> _Raw data_:
#####

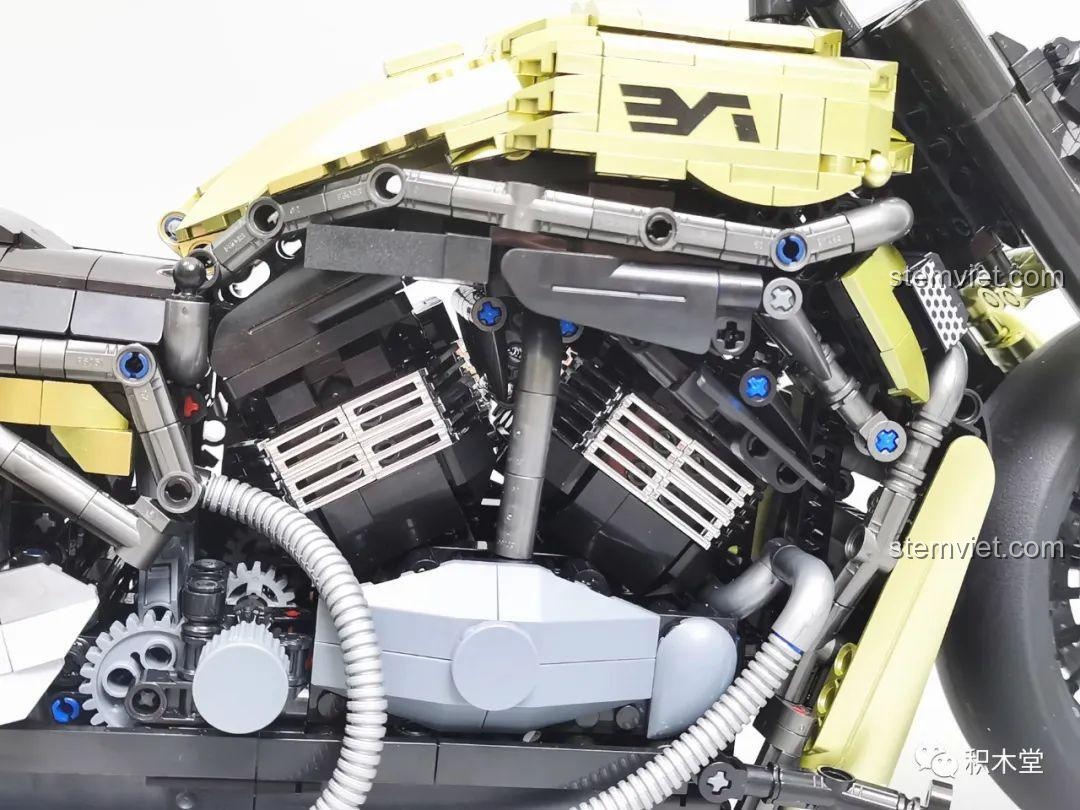 Cận cảnh khối động cơ V-Twin của Panlos 672110, một chi tiết cơ khí phức tạp và đẹp mắt của mô hình.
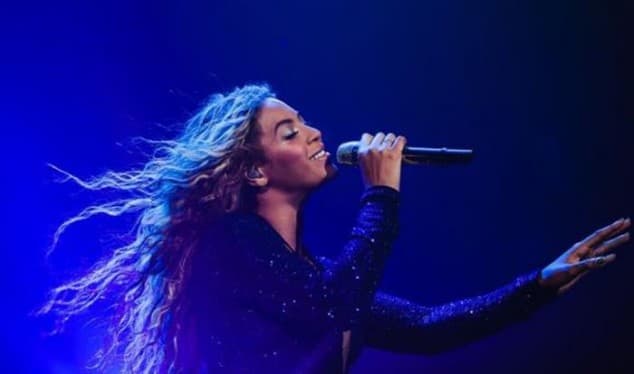 Beyonce Crashes Karaoke Party With Kelly Rowland When She Hears Girls Singing Her Song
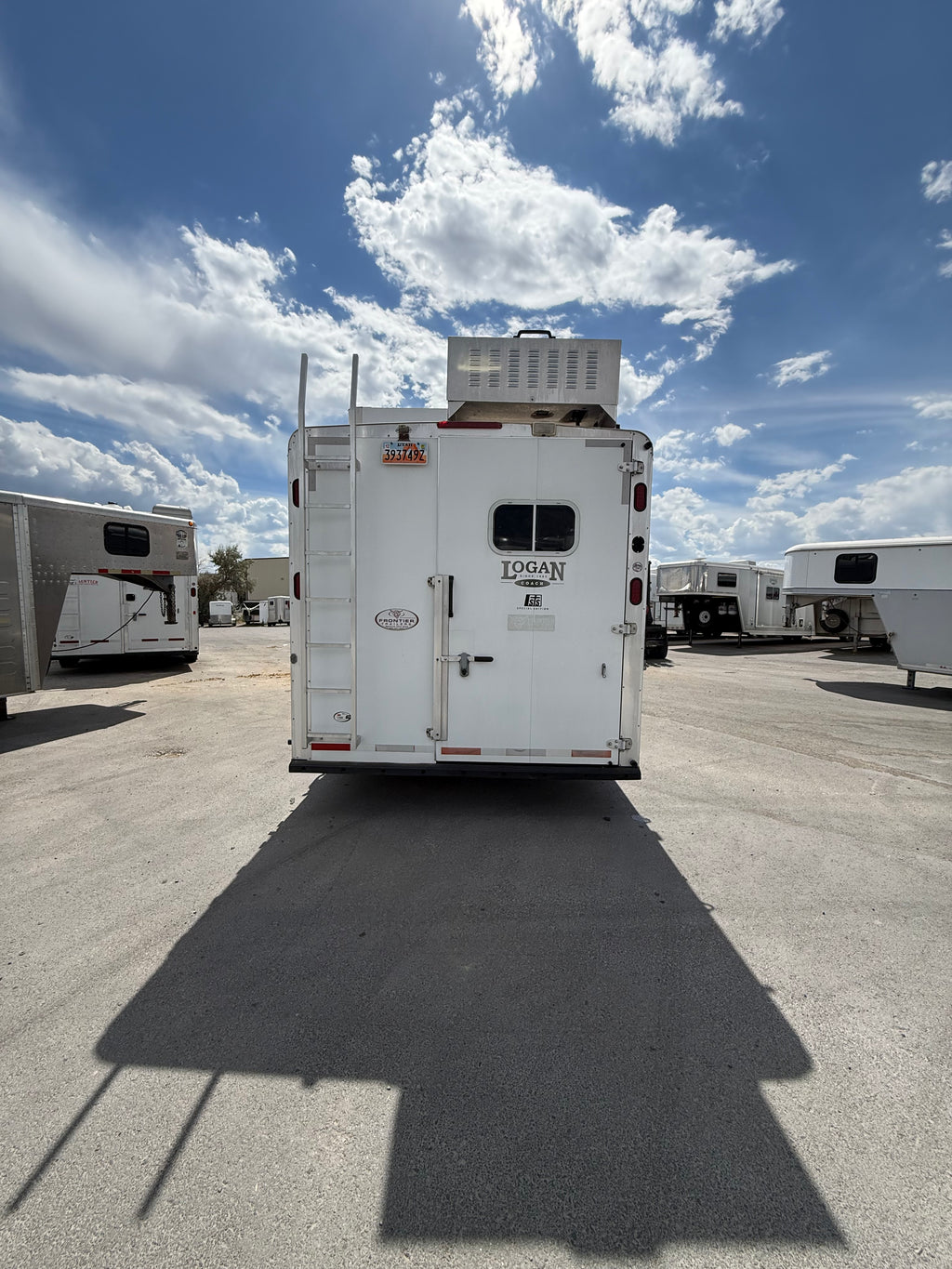 2012 Logan Coach 4H Razor XLT LQ #72351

#####

> _Problem statement_:
A word-for-word copy of the data, without its pictures, is what is needed.

> _Reply to the task_:
 Cận cảnh khối động cơ V-Twin của Panlos 672110, một chi tiết cơ khí phức tạp và đẹp mắt của mô hình.
 Beyonce Crashes Karaoke Party With Kelly Rowland When She Hears Girls Singing Her Song
 2012 Logan Coach 4H Razor XLT LQ #72351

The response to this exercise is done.